The rationale behind such a step

In order to cater to investors’ demands and regulatory mandates, many companies have set up ESG goals which they aim to achieve in a set timeframe. It is on their priority list. Such ESG goals are also in the company’s financial interests. If executive compensation is tied to the fulfilment of these goals, they can readily be achieved. Executives will try harder and pull up their socks to accomplish the company’s ESG goals. Such a step also enhances social responsibility principles. If a portion of the executive compensation is based on the ESG incentive, it will only augment the ESG process. It will also create a positive image of the company in the eyes of investors. They will perceive the company as being socially responsible.

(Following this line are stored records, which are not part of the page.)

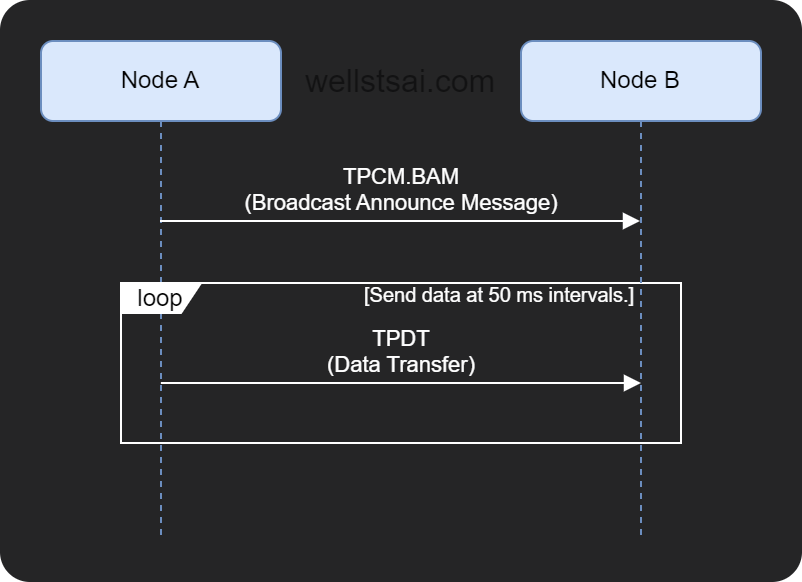 BAM - Multi-Packet Transmission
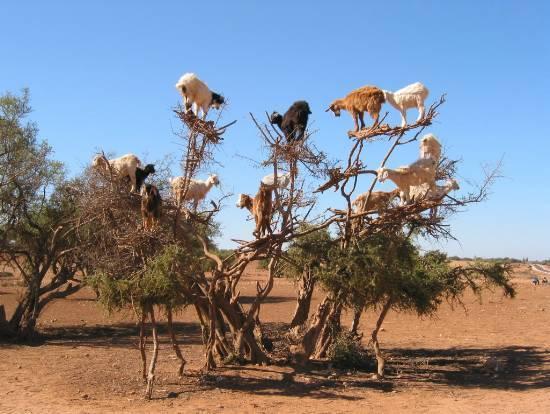 Appartamento Dar Diafa Agadir Esterno foto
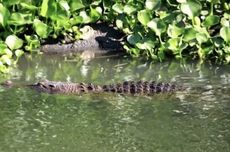 Tak Serang Warga, Buaya di Aliran Sungai Pergudangan Sidoarjo Dibiarkan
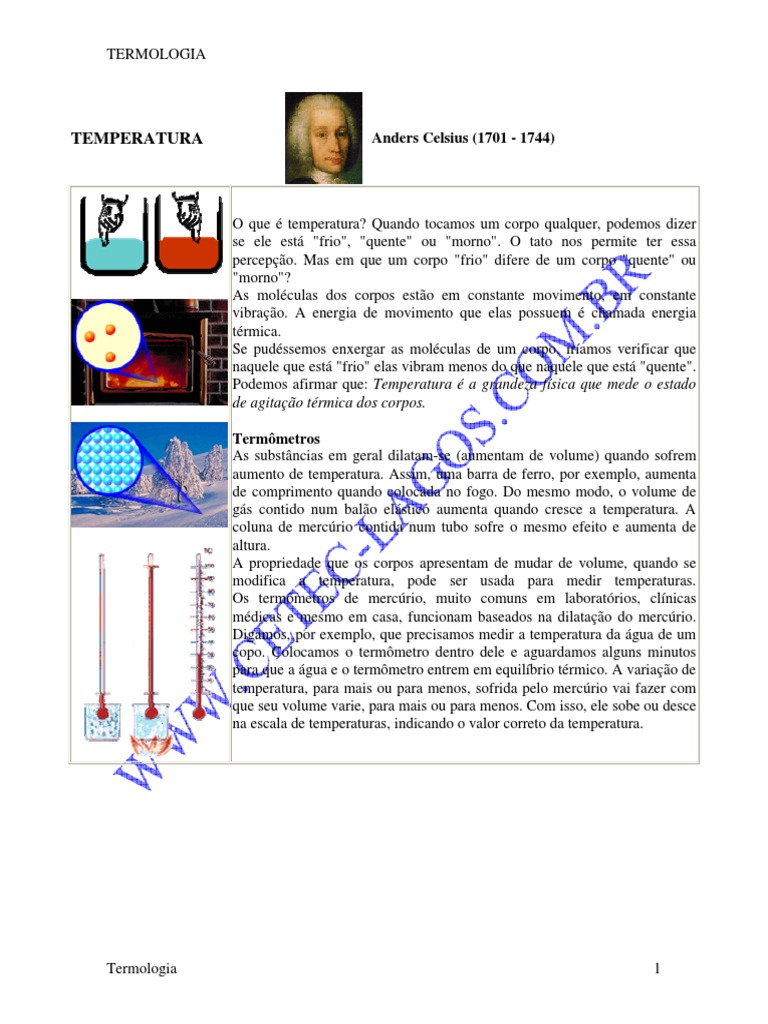 Conceitos Fundamentais de Termologia | PDF | Calor | Temperatura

Surveys have also revealed that this practice is more prominent in countries where ESG reporting is mandatory for companies. It can also majorly be seen in industries that are more carbon-intensive because of the mounting pressure on them to adopt climate-friendly practices. As certain industries negatively impact the planet at a much higher intensity, it is a pressing need for these sectors to reduce their environmental footprints diligently. The introduction of such programmes as linking executive pay will accelerate actions on the company’s end.


Not the end

Connecting this thread will not guarantee that a company will become the best ESG company. It is also not going to guarantee the achievement of ESG goals for a company. Rather, it is an effort in that direction just like many other efforts. It will not solely be responsible for the change but it definitely will be substantially responsible.


Criticisms

Such a practice is also criticised by many. A lot of people feel that tying ESG to executive pay is nothing but a publicity stunt to grab attention. Critics say it is just for the sake of showing the world that the company is taking steps in the right direction. It is a medium for greenwashing. Where transparency of executive pay has always been questioned, it is extremely challenging to verify the genuineness of such a procedure.


Conclusion

The trend is bound to grow in the coming years due to the ever-growing focus on ESG issues. There could be a time when using ESG metrics in executive compensation will be an established practice. The idea is definitely associated with better ESG performance but only time will tell about the practical issues grappling such a thread. The process also currently lacks uniform and consistent standards which may culminate into wrong decisions. Companies can also run a trial period of around one to two years to see if the strategy is working for the company and its business before making such an ESG-incentive pay a permanent policy. It surely can turn into a successful strategy if the company chooses the right metrics, method in consonance with their stakeholder demands.